HAAG Carl

HET LEKKERE BROOD

Olieverf op paneel: 27 x 21,5 cm
Gesigneerd linksondert

Schilder van typische figuren, portretten, (geanimeerde) landschappen en architectuur; aquarellist, schilder van gouaches, miniaturist en tekenaar. Oriëntalisme.

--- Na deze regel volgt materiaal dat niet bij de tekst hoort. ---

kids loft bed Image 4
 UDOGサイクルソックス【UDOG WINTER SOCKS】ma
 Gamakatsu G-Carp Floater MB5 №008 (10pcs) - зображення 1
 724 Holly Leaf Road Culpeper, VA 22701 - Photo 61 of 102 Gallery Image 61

Carl Haag was een leerling van Albert Reindel aan de Academie in Neurenberg en van Peter von Cornelius en Wilhelm von Kaulbach in München. Hij reisde naar België, Frankrijk, Italië, Syrië en Egypte en deelde een studio in Cairo met Frederick Goodall. Vervolgens vestigde hij zich in Engeland en werkte hij zowel in Londen als in zijn atelier in Oberwesel aan de Rijn. Hij was lid van de Society of Painters in Watercolours en van de Royal Society of British Artists. Hij was hofschilder van de hertog van Saksen-Coburg-Gotha. In 1859 bracht hij enige tijd door in Jeruzalem, waar hij op verzoek van de koningin van Engeland het voorrecht had toegelaten te worden tot het interieur van de Omar-moskee om er de Heilige Rots onder de koepel te schilderen, waar nog geen enkele schilder voor hem had mogen werken. In 1878 werd hij benoemd tot Chevalier in het Légion d’Honneur.
Hij ging vervolgens steeds minder met olieverf werken om zich tenslotte uitsluitend aan aquarel te wijden, waarbij hij zijn eigen techniek uitwerkte: hij bracht pure kleuren op waslagen aan, stippelde met de punt van een penseel en kraste vervolgens de overtollige kleur weg om heldere tonen te verkrijgen.
Haag schilderde oriëntalistische onderwerpen, landschappen met figuren naar locaties in Tirol en Italië, figuren, architectuur en hoofden van vrouwen.
Haag exposeerde in Londen, in Wenen, waar hij in 1873 een medaille kreeg, en in Parijs op de Exposition Universelle van 1878.

Periode:
Erlangen 1820 - Oberwesel (Rijn) 1915
Duitse School

Musea:
Bristol - Londen

Literatuur:
E. Bénézit, "Dictionary of Artists", Paris 2006, Vol. 6, p. 966-967.
U. Thieme & F. Becker, "Allgemeines Lexikon der bildenden Künstler; von der Antike bis zur Gegenwart", Leipzig 1978, Vol. 15, p. 382-383.